Namun amat disayangkan sebagian orang, bahkan petinggi-petinggi negara dan publik figur yang suaranya akan didengar oleh banyak orang malah membuat tuduhan-tuduhan yang tidak mendasar. Sebagian besar tuduhan itu hanyalah fitnah yang menyudutkan kelompok-kelompok tertentu. Tidak ada bukti sama sekali. Omongan mereka tidak dapat dipertanggungjawabkan secara faktual.
Dengan semena-mena, misalnya, dari mulut seorang Hendropriyono yang mantan Kepala BAKIN meluncur kata-kata yang tidak diteliti dulu bahwa pelaku-pelaku bom ini berasal dari kalangan Wahabi.

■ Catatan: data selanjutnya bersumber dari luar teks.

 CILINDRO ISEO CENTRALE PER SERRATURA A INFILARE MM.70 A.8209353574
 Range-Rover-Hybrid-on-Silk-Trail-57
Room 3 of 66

Istilah Wahabi ini ditujukan kepada mereka yang mempelajari dan mengamalkan ajaran-ajaran Muhammad ibn Abdul Wahab dalam berbagai kitabnya. Ajaran ini bahkan sekarang menjadi standar resmi Islam yang dipraktikkan di Saudi Arabia. Oleh sebab itu, kata Wahabi ini sering dialamatkan kepada alumni-alumni Timur Tengah khususnya Saudi Arabia. Para pengikutnya itulah yang dimaksud dengan Wahabi.

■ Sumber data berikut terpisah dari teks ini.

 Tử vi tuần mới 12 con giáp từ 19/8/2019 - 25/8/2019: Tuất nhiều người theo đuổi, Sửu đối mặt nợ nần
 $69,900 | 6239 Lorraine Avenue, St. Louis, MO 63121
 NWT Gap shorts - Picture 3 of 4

Bagi mereka yang mengerti ajaran-ajaran Muhammad ibn Abdul Wahhab dan gerakan dakwahnya di Semenanjung Arab pasti akan segera dapat menyimpulkan bahwa Hendropriyono-maaf-bodoh dalam masalah ini. Dia sama sekali tidak tahu apa ajaran Muhammad ibn Abdul Wahhab. Seandainya saja dia mau sedikit membaca Ushûl Al-Tsalâtsah, Kitâb Al-Tauhîd, atau komentar-komentar yang dibuat oleh para muridnya, pasti tidak akan keluar kata-kata yang lebih banyak berisi fitnah itu. Bahkan, kalau boleh dipukul rata, hampir semua syaikh dan ulama besar di Saudi Arabia adalah cucu murid Muhammad ibn Abdul Wahhab. Mereka adalah pelestari dan penyebar ajaran-ajaran beliau. Kalau memang ajaran itu yang menjadi sebab-musabab “terorisme,” pasti sebelum terjadi di Indonesia kasus pengeboman ni akan terlebih dahulu meletus di Saudi Arabia. Apalagi Kerajaan Saudi Arabia ini terang-terangan bersekutu dengan Amerika.

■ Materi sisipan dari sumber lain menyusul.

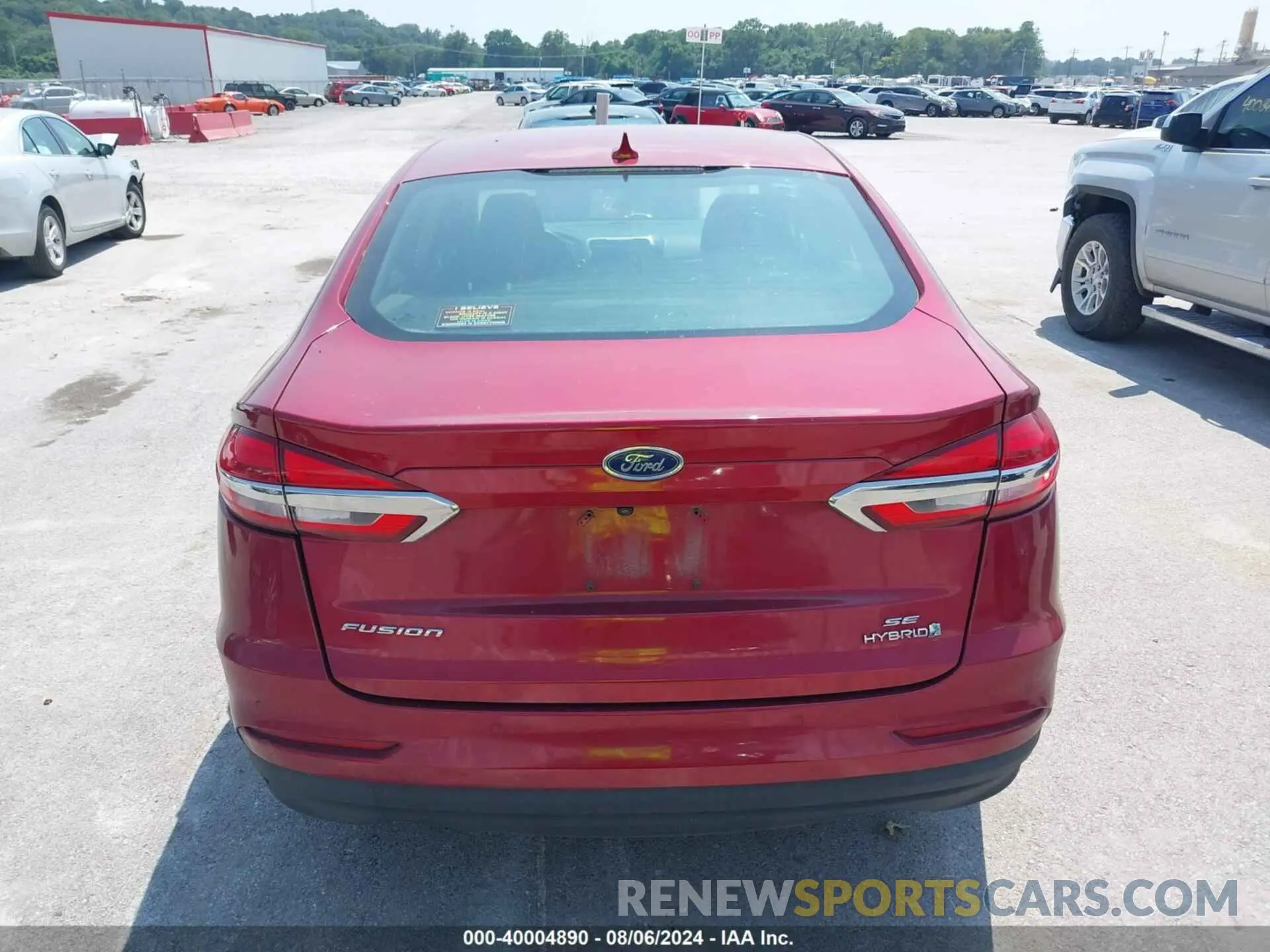 16 Photograph of a damaged car 3FA6P0LU6KR243678 FORD FUSION HYBRID 2019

Syaikh Shalih ibn Utsaimin (w. 2004), salah seorang ulama besar Saudi Arabia menulis risalah khusus bertajuk Fitnah Al-Khawârij. Dalam buku itu, dengan sangat tegas beliau mengatakan bahwa tindakan bom bunuh diri dilakukan di berbagai negara termasuk yang terjadi di Indonesia tidak dapat dibenarkan dalam ajaran Islam. Ia mengutuk keras para pelakunya dan menyebutnya sebagai “Khawarij-Khawarij” modern. Apa yang mereka lakukan sama sekali bukan jihad.
Ibn Utsaimin ini adalah seorang pengagum berat Syaikh Muhammad ibn Abdul Wahhab. Ia memberikan syarah untuk Kitâb Al-Tauhîd dan Ushûl Al-Tsalâtsah karya Muhammad ibn Abdul Wahhab. Kalau memang ajaran ini yang menjadi sumber ‘terorisme’ seperti yang dituduhkan Hendropriyono, kenapa beliau justru mengecam berbagai tindakan seperti itu?
Di sinilah perlu kearifan dari para public figure saat berbicara. Saat omongan ini disiarkan ke seluruh penjuru dunia, berapa banyak orang akan tersesatkan dengan cara pandangnya? Akibat omongannya yang ngawur itu, akan berapa banyak orang yang menjadi benci terhdap ajaran-ajaran yang benar dan baik-baik saja seperti ajaran Muhammad ibn Abdul Wahhab? Kalau sampai ini terus terjadi seperti itu, bukan mustahil justru yang menjadi biang keladi fitnah di tengah umat Islam adalah orang yang menuduh-nuduh tanpa dasar itu. Mereka yang melakukan pengeboman, sekalipun benar orang-orang yang kelihatannya ber-Islam secara taat, hanya menjadi wayang. Benarkah begitu? Wallâhu A’lam bi Al-Shawwâb.